Studying history in terms of causal relationships between past and present is essentially the quest to understand present situations in terms of the conditions at earlier periods, the way those conditions changed with time, and the reasons for the changes. One might, for example, study the roots of the current difficult relationship between Israelis and Arabs by studying the history of Zionism, the effects of the carving up of the Ottoman Empire by the western powers on the politics of the Arab countries and so forth. By doing so, one could gain a deeper appreciation for the circumstances of the various parties and perhaps some insights into how current problems might be resolved.

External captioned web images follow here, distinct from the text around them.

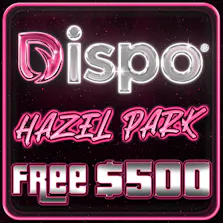 Dispo Hazel Park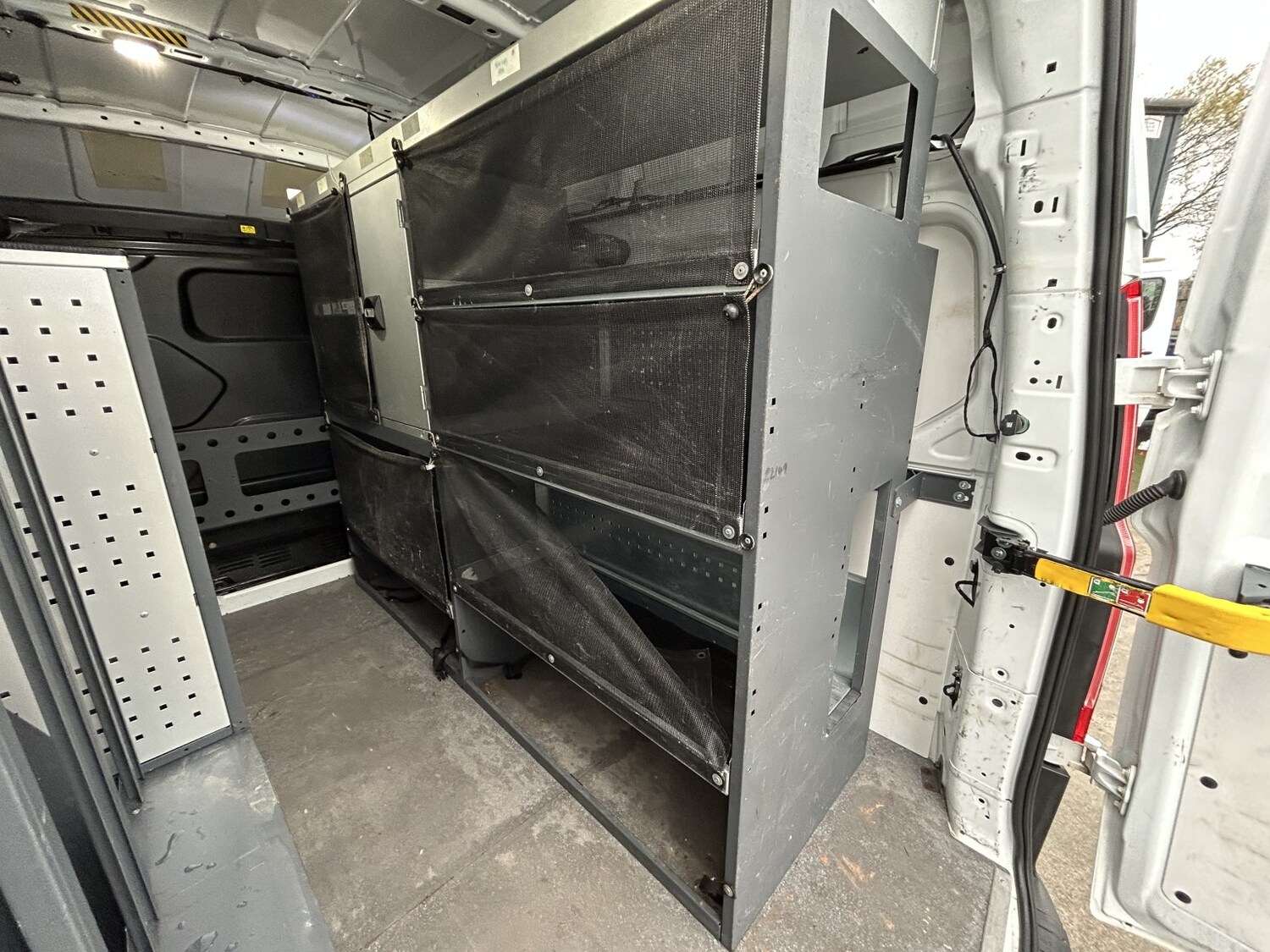 Used Ford Transit Custom 2020 for sale - 76565136: Photo 9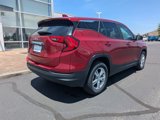 Used 2021 GMC Terrain SLE image 5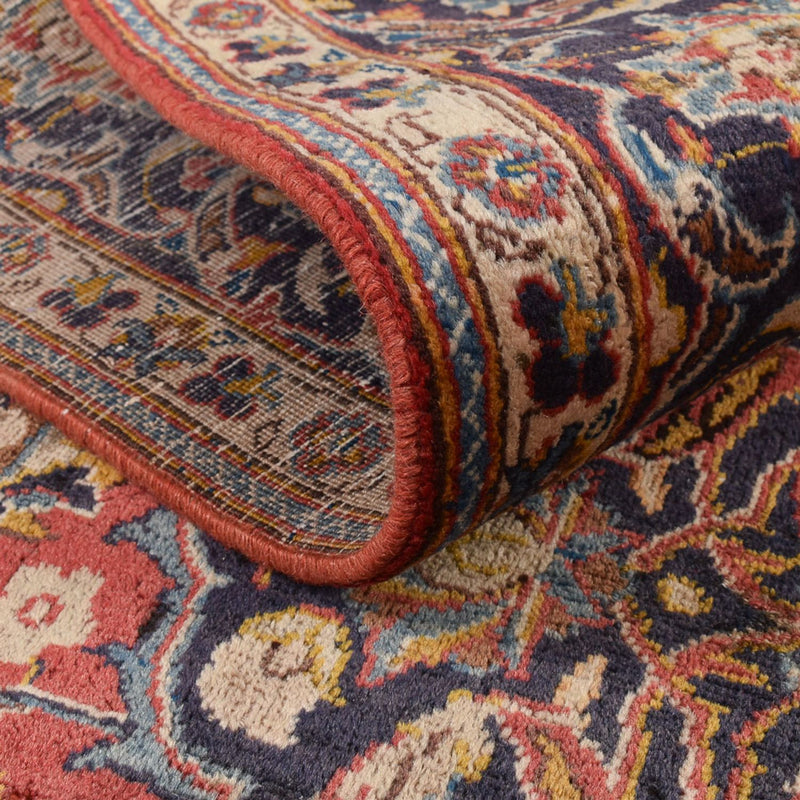 Tappeto Persero - Classico - 315 x 194 cm - rosso
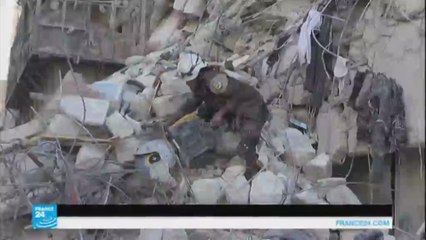 استمرار الاشتباكات في حلب رغم الهدنة الإنسانية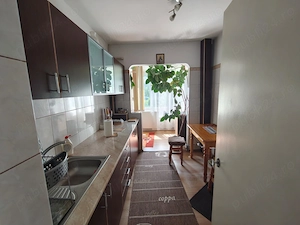 Vand apartament 3 camere , 1984 str principala Mihai Bravu ,Ploiesti - imagine 5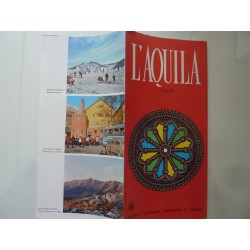 L' AQUILA ITALIA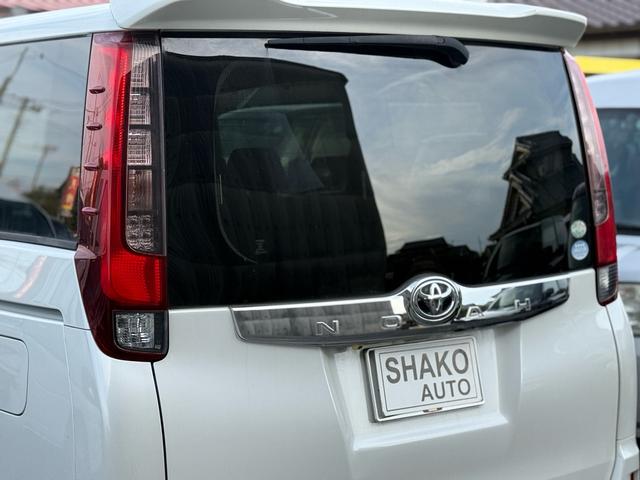 ノア G ETCアルミ HDD ナビTV バックカメラ(14枚目)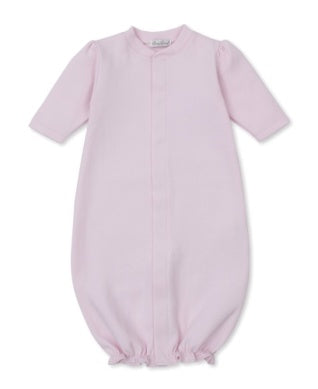 Jacquard Converter Gown - Sweet Homecoming - Pink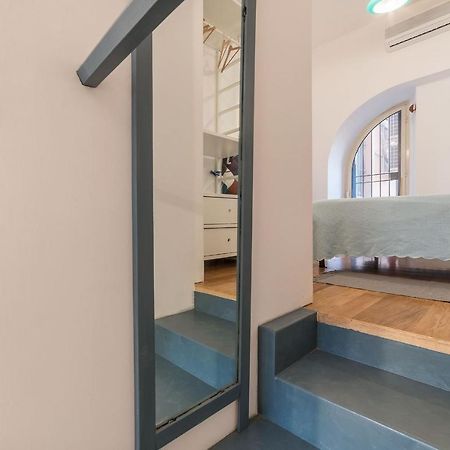 Apartamento Monti Artistic Flat Roma Exterior foto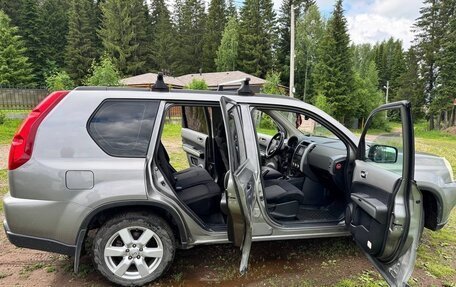 Nissan X-Trail, 2007 год, 850 000 рублей, 7 фотография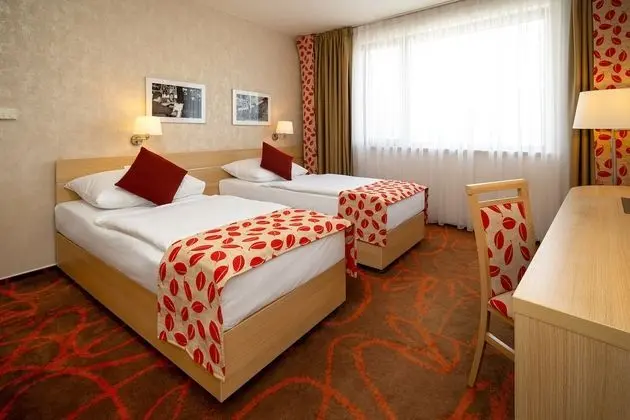 Family Süit, 2 Yatak Odası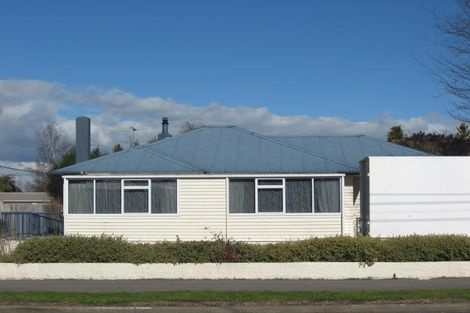 Photo of property in 189 High Street, Solway, Masterton, 5810
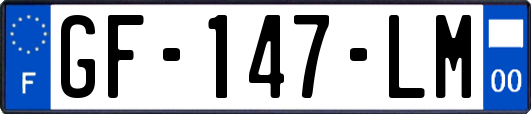 GF-147-LM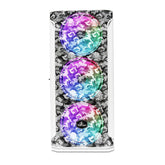 Computadora Gamer Yeyian Araki, Ryzen 5 5600g, Ram 16gb Ddr4, 480gb Ssd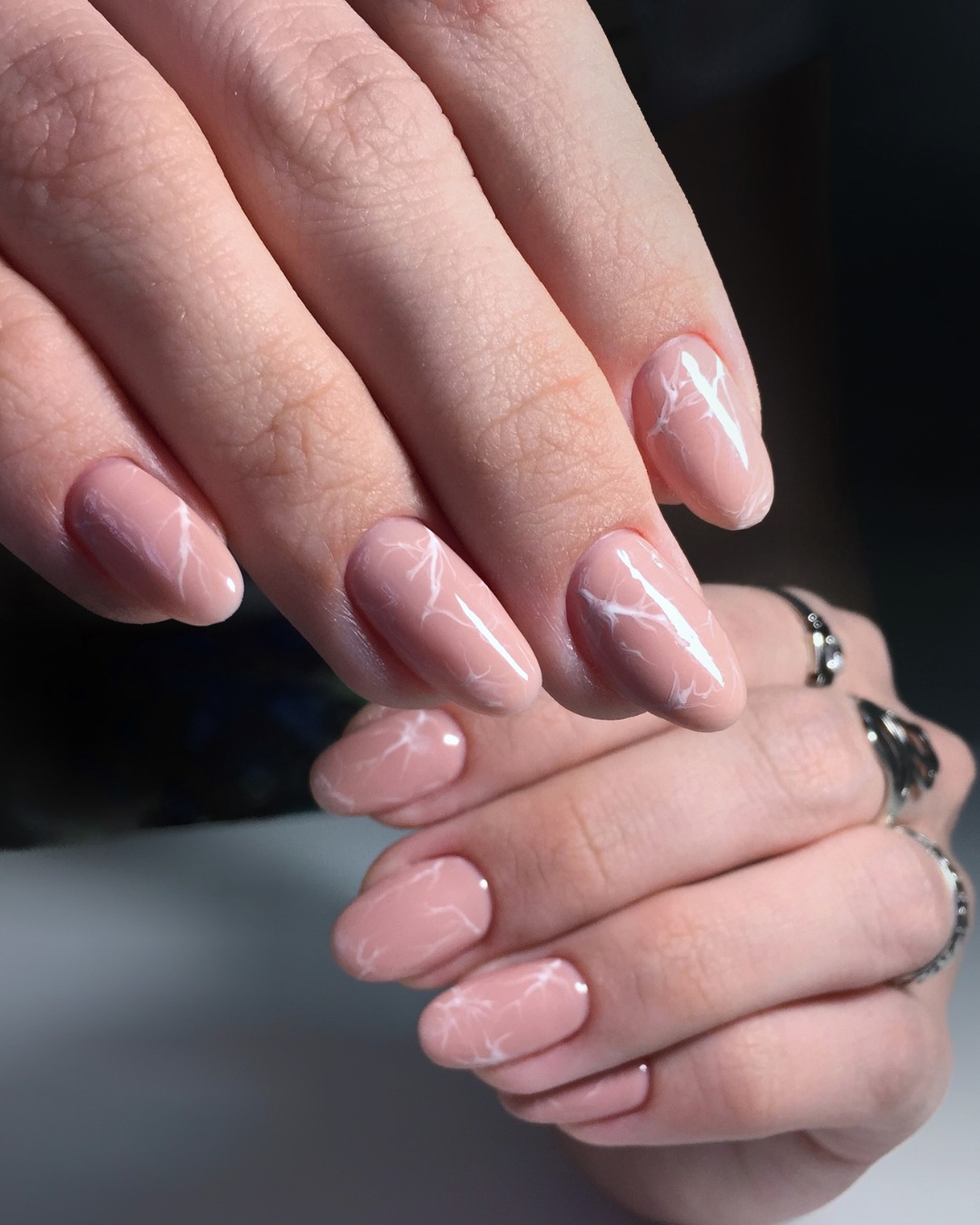 Nail care — City Spa Milano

However, as we look further back in time, the chains of causality linking past to present become ever more tangled and complex, and this complexity will soon overwhelm attempts at even the most cursory analysis. For example, I think that it would be essentially impossible to trace a line of causation from the New Kingdom of Egypt in the second millennium BC to the Palestinian problem in the third millennium AD. The value of the study of the New Kingdom and its foreign policy is not that it was a cause of current problems, but that it serves as a model for modern concerns that is sufficiently distant that it can be considered with a degree of dispassion. One could, for instance, try to draw an understanding of imperialism from the Egyptian expansion into Nubia and western Asia, or of superpower confrontation from the struggle between Egypt and the Hittites, or perhaps of the effects of military expansionism on internal stability from the aftermath of the age of Ramses II. Each one these is something well worth examining if one wishes to understand the dynamics of the modern world, and Egyptology is a domain in which one can test theories against evidence without, I hope, becoming mired in ideology. For these kinds of analyses, distant and exotic periods of history, so long as sufficient evidence exists, can be even more useful than recent and familiar periods.

In particular, past civilisation can serve as laboratories in which we can test theories formulated to explain the reasons why societies prosper, and the intrinsic and extrinsic reasons for their failure. Here, at the start of a century which promises to be one of the most stressed and turbulent in human history, and one in which the stakes have never been higher, understanding the processes by which complex societies have unravelled is more pressing than ever. The study of history is one of the key avenues of attack on these vitally urgent problems.